Jalan Menuju Toga [Dorongan]

Ini kisah saya yang kesekian, bukan sesuatu yang teramat istimewa. Jutaan orang mungkin sudah mengkhatamkannya bahkan ribuan diantaranya menelusurinya lebih dari sekali. Saya mau membekukannya sebelum lupa, sebelum saya alpa mengulangi kesalahan jika nanti harus bertemu dengan kesempatan yang sama. Kisah ini akan menuturkan bagaimana akhirnya tugas akhir di bangku perkuliahan saya rampung. Mengantarkan saya purna.


Seperti semua cerita, perjalanan ini juga memiliki awal mula. Saya memulainya sejak tahun kedua kuliah, kemungkinan besar banyak mahasiswa yang memiliki mimpi sama. Mampu menyelesaikan studi kurang dari masa berlakunya. Apalagi saat itu seorang kakak tingkat yang sudah saya kenal sejak di SMP mampu membuktikan bahwa hal seperti itu nyata. Ia lulus sebelum genap 4 tahun ada di universitas. Pesannya saat itu meyakinkan bahwa saya akan jauh lebih berpeluang mengulangi prestasinya, karena katanya saya lebih rajin dan serius belajar. Saya aminkan saja.
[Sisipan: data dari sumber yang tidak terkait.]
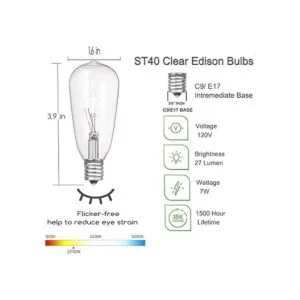 Goothy ST40 Bombillas de repuesto estilo Edison C9E17_2
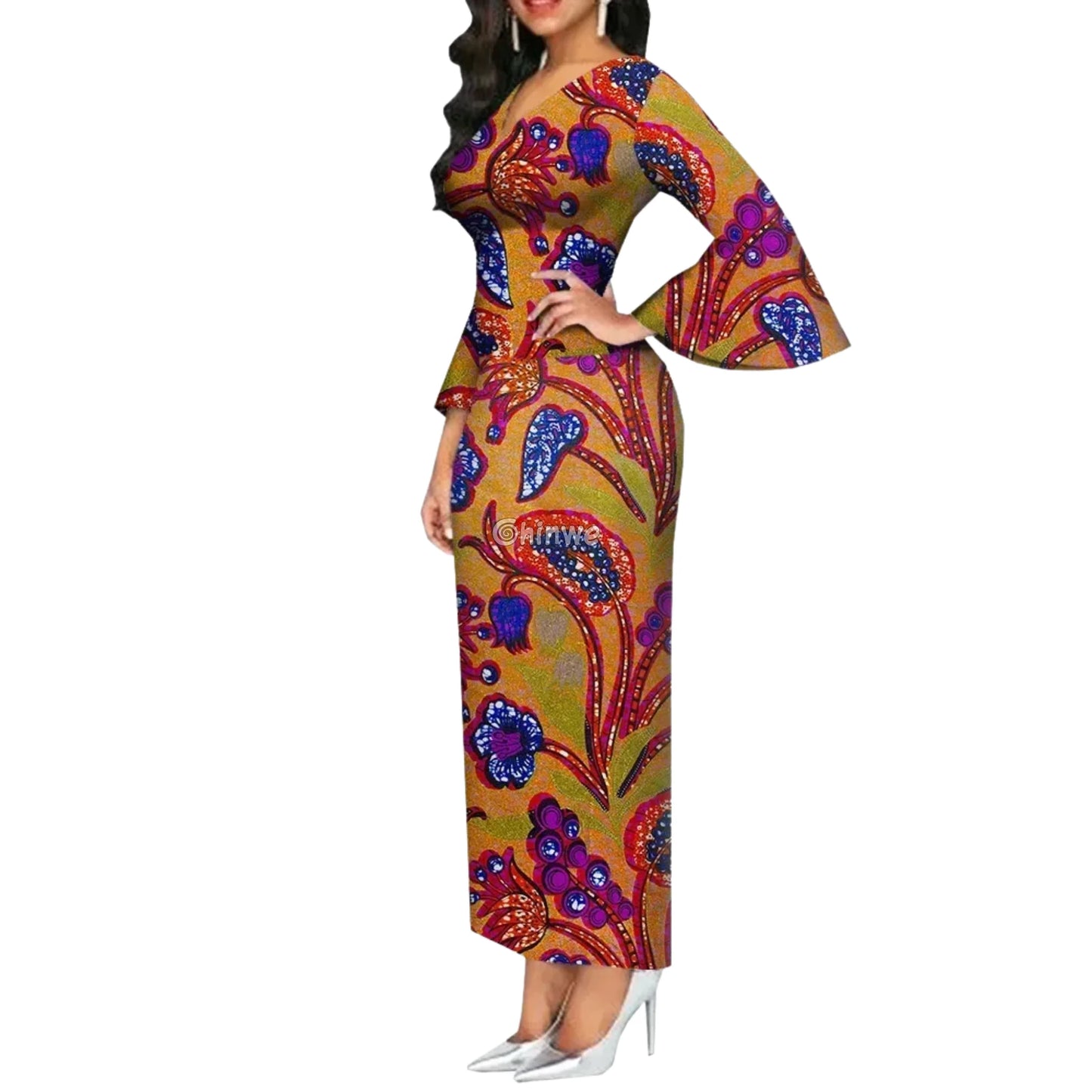 Imani One Shoulder Flare Sleeve Ankara Dress In Mystic Roots Women’s Clothing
Berkat segala masukkan, saya mencatat baik-baik dan mematok sendiri kapan waktu kelulusan saya nantinya.

Nyatanya, kuliah 135 lebih SKS jauh lebih terlihat konkret dibanding 6 sisanya seiring dengan berjalannya waktu. Pikiran untuk menyudahi dengan cepat mulai berganti dengan keyakinan lulus tepat waktu sudah cukup. Tentu saja dengan sedikit terseret-seret mensejajari IPK dengan kategori standar yang paling tidak tak membuat orang tua atau pemerintah meminta uang mereka kembali saking kecewanya.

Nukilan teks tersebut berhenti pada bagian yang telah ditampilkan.